Javascript JIT in web browsers

David Eisner deisner at gmail.com
Thu Aug 19 19:58:31 UTC 2010


On Thu, Aug 19, 2010 at 2:54 PM, Kevin Kofler <kevin.kofler at chello.at> wrote:
> Well, that's not what HTML, nor the underlying HTTP, was designed for. I
> don't see it as being an appropriate platform for software at all. (And I

Like it or not, the web browser has become a runtime environment,
capable of executing both Free and non-Free code.  HTML and HTTP were
designed to present hypertext documents.  And yet here we are, two
decades later, and HTML has evolved (with the help of other
technologies like CSS and Javascript) so that the browser can also run
applications.

Predicting the future is a fool's errand, but I suspect it is going to
look more and more like this:

  http://googlewebtoolkit.blogspot.com/2010/04/look-ma-no-plugin.html

Warning: contains video and img tags (the latter a perversion of HTML
introduced by Marc Andreessen in 1993).  (I'm not predicting an
alien-infested post-apocalyptic future, btw.)

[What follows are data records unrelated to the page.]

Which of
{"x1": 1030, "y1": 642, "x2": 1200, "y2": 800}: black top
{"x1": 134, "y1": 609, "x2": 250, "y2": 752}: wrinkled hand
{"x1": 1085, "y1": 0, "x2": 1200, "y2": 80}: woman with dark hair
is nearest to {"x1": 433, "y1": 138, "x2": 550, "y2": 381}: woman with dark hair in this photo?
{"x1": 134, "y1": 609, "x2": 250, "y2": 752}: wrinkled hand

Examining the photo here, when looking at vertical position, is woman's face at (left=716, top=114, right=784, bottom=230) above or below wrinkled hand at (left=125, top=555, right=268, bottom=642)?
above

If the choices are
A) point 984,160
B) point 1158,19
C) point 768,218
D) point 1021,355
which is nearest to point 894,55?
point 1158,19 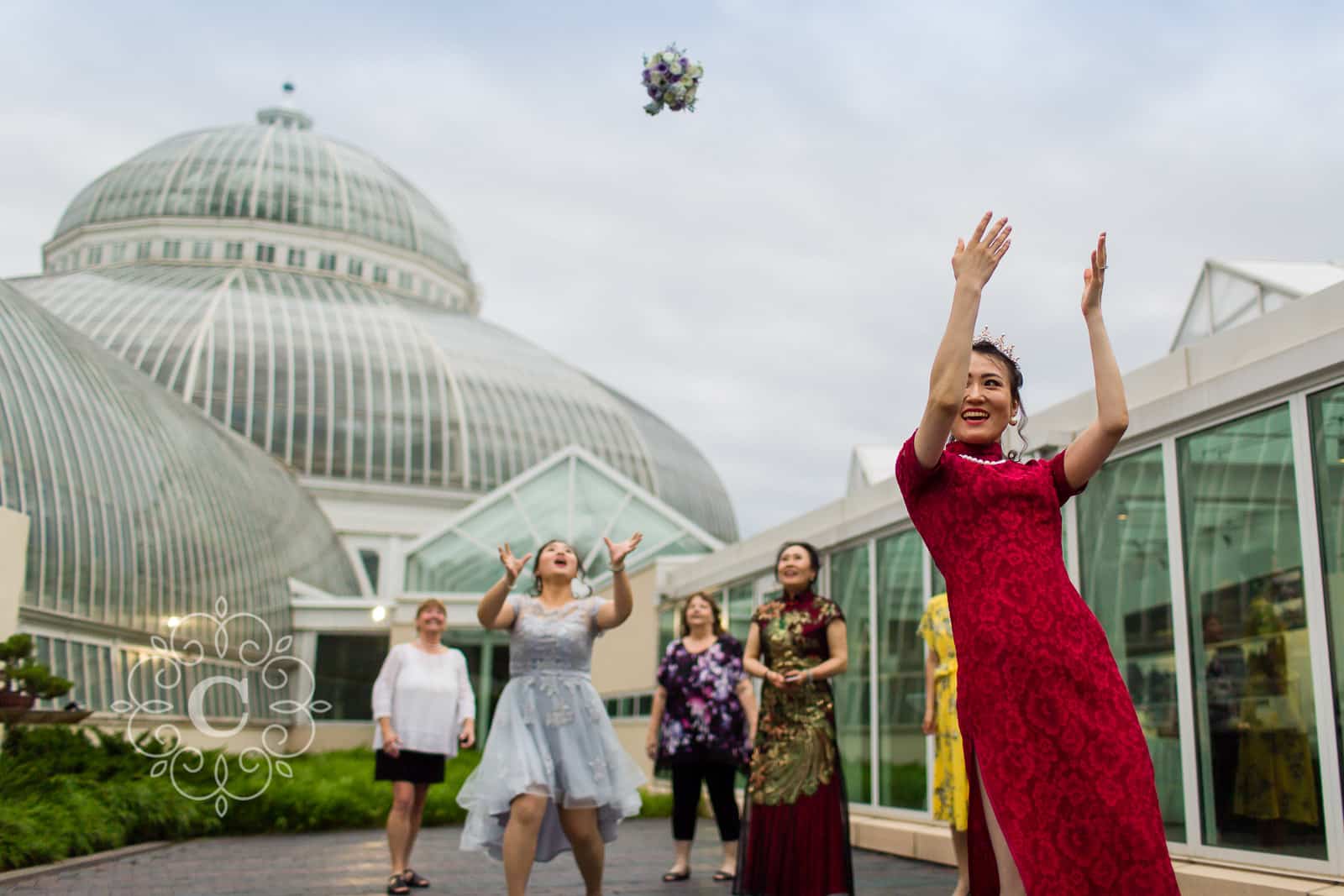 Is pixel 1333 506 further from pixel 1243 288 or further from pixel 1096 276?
pixel 1243 288

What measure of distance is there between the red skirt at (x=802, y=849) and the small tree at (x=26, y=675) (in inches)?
240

At one extreme (and not something you're suggesting), the browsers
available on Fedora could be patched to blacklist non-free web apps,
like Gmail.  The browser could instead display the GNU gnu holding a
stop sign, or wagging its finger.

Alternately, these browsers could make web apps second-class citizens,
with poor performance. I don't think that's a good idea, either. At
the very least, it will create the impression that Free software
doesn't perform as efficiently as it's non-Free counterparts.

Or Fedora could endeavor to provide a top-notch web app runtime
capable of executing both Free and non-Free applications (just as it
ships a libc that can run both Free and non-Free applications).  That
would be my vote.

Whatever choice is made, it shouldn't be based on what Sir Tim
Berners-Lee intended HTML to be used for in 1990.